WHAT YOU WILL DO - Write out, word for word and with no pictures, each line below from the one containing "Tabelle: Gebühren- und Benutzungs-Ordnung" through the one containing "Indicator: Population Estimate,: re", both included, and no other line.

INPUT MATERIAL -
________

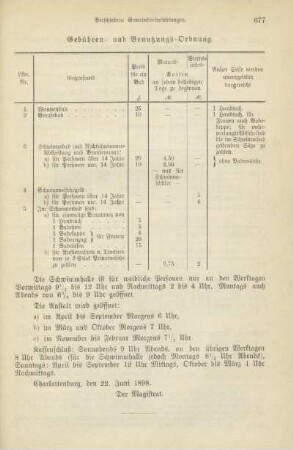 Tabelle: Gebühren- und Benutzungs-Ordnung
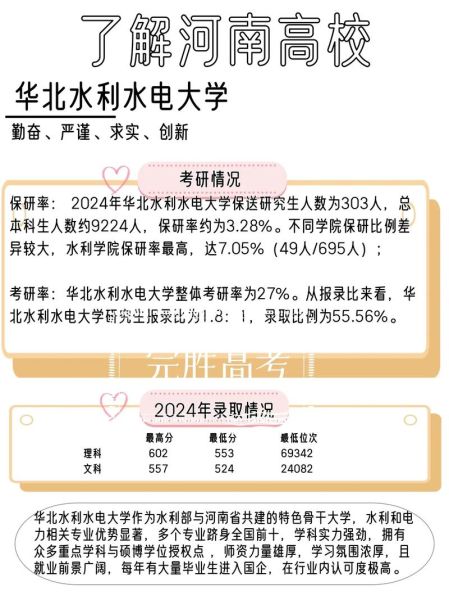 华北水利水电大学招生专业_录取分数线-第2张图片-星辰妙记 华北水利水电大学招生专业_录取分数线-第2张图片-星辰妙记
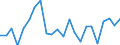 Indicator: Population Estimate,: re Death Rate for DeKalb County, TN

________

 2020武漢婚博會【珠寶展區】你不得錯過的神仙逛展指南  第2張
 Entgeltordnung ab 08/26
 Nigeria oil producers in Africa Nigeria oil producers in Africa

________

SOLUTION TO THIS EXERCISE -
 Tabelle: Gebühren- und Benutzungs-Ordnung
 华北水利水电大学招生专业_录取分数线-第2张图片-星辰妙记 华北水利水电大学招生专业_录取分数线-第2张图片-星辰妙记
 Indicator: Population Estimate,: re Death Rate for DeKalb County, TN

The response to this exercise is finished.